RelishMix noticed in regards to the positive buzz on social that “fans are discussing the original, how its plot lines up with this 2018 film — and the many chapters of the series between 1978 and how 40 years later. Lots of horror fans, whether or not they’re ‘all in’ for Halloween, are impressed by the clips and presentation of Michael Myers they’ve seen so far. And, similar to superhero convo, even Halloween fans who aren’t convinced by this latest offering are still saying they have to go to theaters to see it. There are even those suggesting that there should be a rebooted face-off between Myers and other horror favorites, like Jason of the Friday the 13th series.”

Halloween made its initial splash on social last fall when Curtis debuted an image of herself on the famous front porch with Michael Myers lurking. The first trailer launched in June with an eyebrow-raising 23M views in the first eight hours and has clocked north of 160M views to date. Uni lit up word of mouth on Halloween like a bonfire with a world premiere in the Midnight Madness section of TIFF and another screening at Austin’s Fantastic Fest. Halloween‘s social media universe across Facebook, Instagram, Twitter, and YouTube views counts 192.1M, well above the genre pic’s 103M social media universe count. Curtis is the social media leader with 2M followers. Video materials have flown around the internet at an alarming rate of 96:1, compare that to a horror film’s average 13:1 viral rate. RelishMix reports that Halloween is also ahead on average daily new Facebook fans with 3.7K, also ahead of the benchmark 3.3K. Hashtags/tags for #Halloweenmovie and @Halloweenmovie are in the 26-32k range which is average for a horror pic but add in the unofficial #Halloween hashtag at over 63k per day, and that throws Twitter activity over 100k per day, which is exceptional. Meanwhile, holdover #Venom continues to fly well in the 55-62k hashtags per day this week.

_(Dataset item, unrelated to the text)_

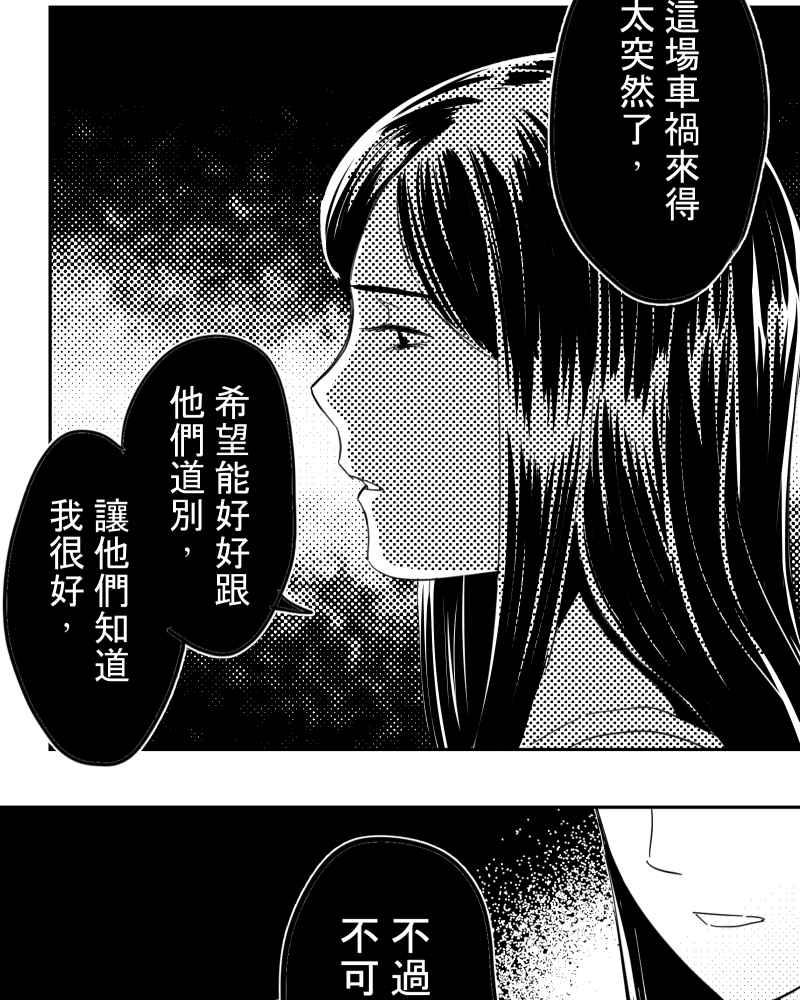 《鬼要去哪里？》第31话 第3页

The Curtis slasher will profit greatly given its $15M production cost split evenly between Miramax and Blumhouse (Universal took overseas rights and is handling the pic for a fee): Blumhouse’s Split off a $9M production, $80M P&A and $278.4M global gross cleared $68M-plus in black ink at the end of the day. Get Out, which cost less at $4.5M, $77M worldwide P&A and $255.4M worldwide box office, earned an estimated $124.8M in profit.